Would you print the lines below exactly, beginning at the line that has "S01E14 - C &" and stopping after the line that has "Hoge brug, Maastricht in mist"? Only those lines, and no pictures.

Data section
Start of Block

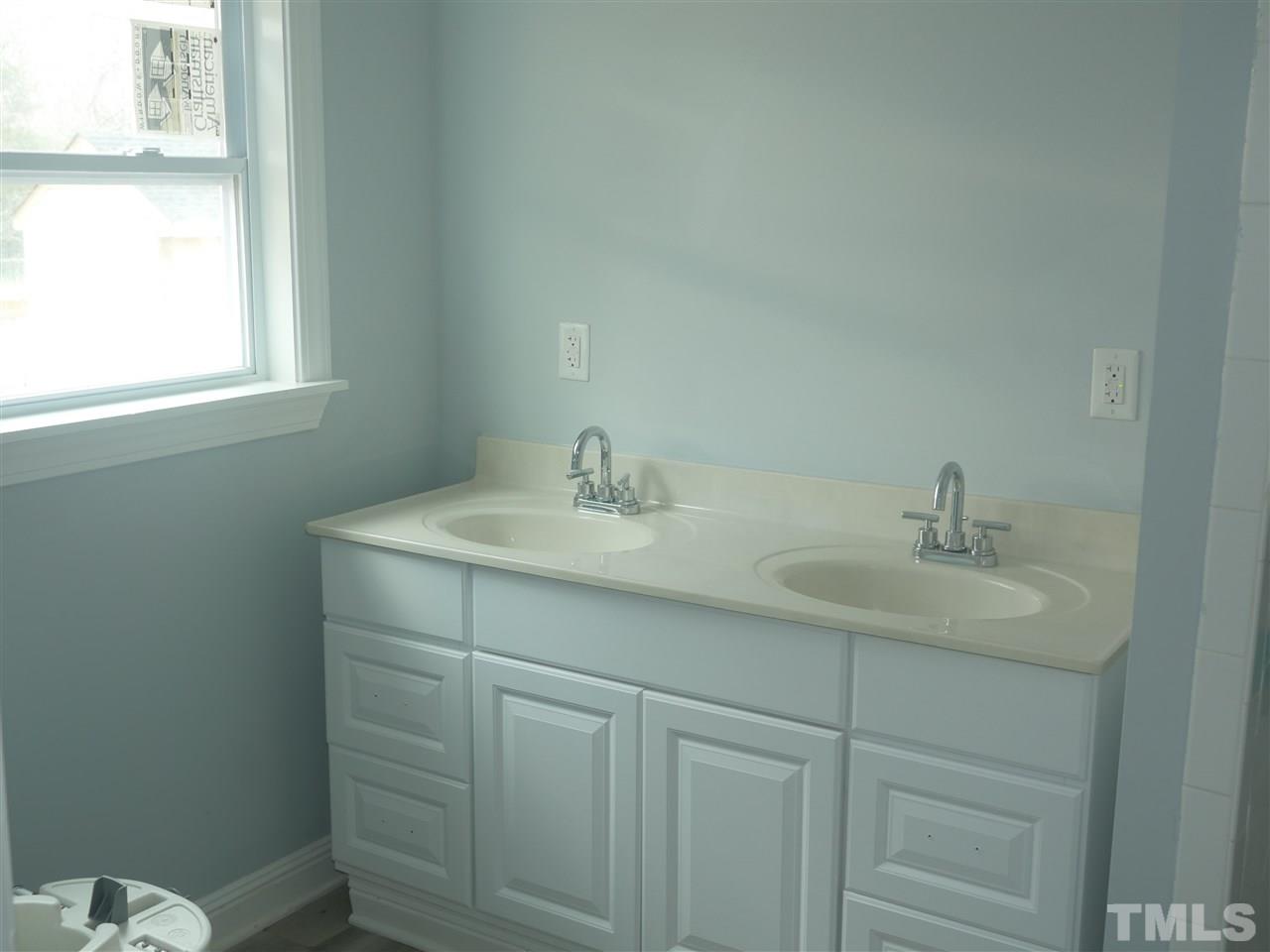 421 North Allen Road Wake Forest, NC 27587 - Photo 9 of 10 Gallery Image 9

End of Block
Start of Block

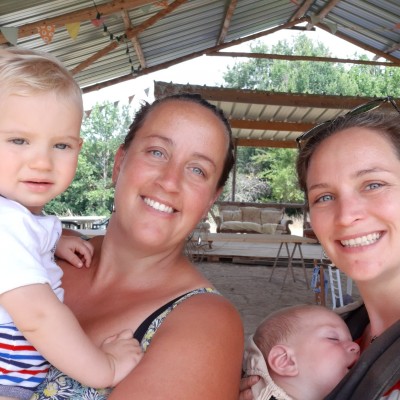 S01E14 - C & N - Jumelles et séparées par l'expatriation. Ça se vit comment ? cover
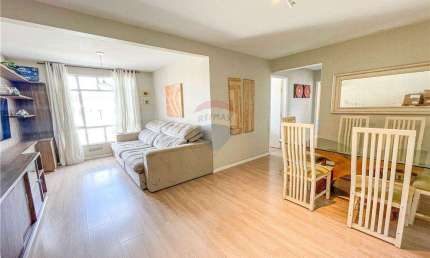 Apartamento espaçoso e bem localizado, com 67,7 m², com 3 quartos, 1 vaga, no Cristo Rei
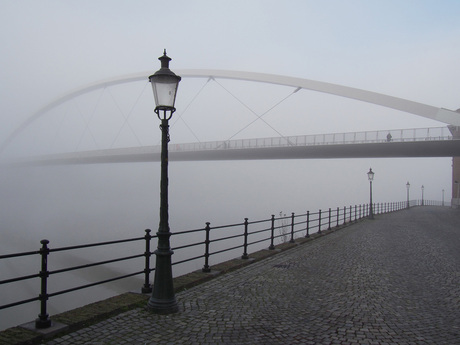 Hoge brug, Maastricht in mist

End of Block
Start of Block

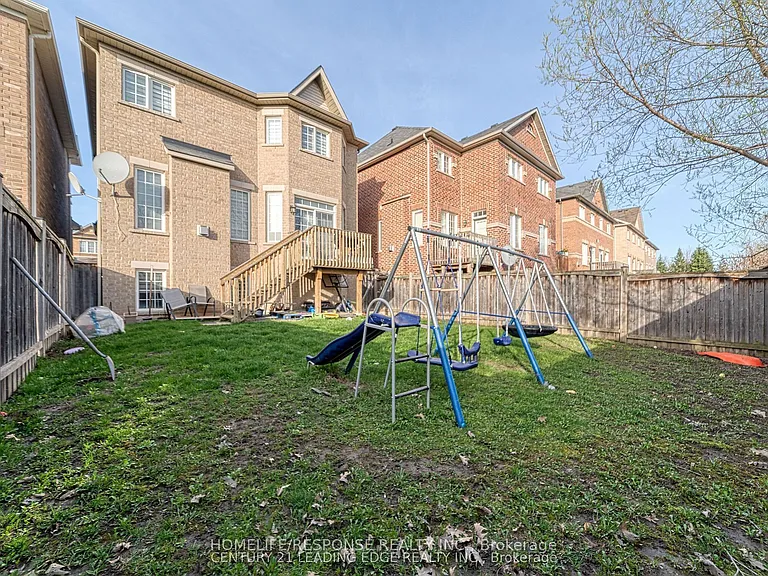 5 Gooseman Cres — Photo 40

End of Block

Result below
 S01E14 - C & N - Jumelles et séparées par l'expatriation. Ça se vit comment ? cover
 Apartamento espaçoso e bem localizado, com 67,7 m², com 3 quartos, 1 vaga, no Cristo Rei
 Hoge brug, Maastricht in mist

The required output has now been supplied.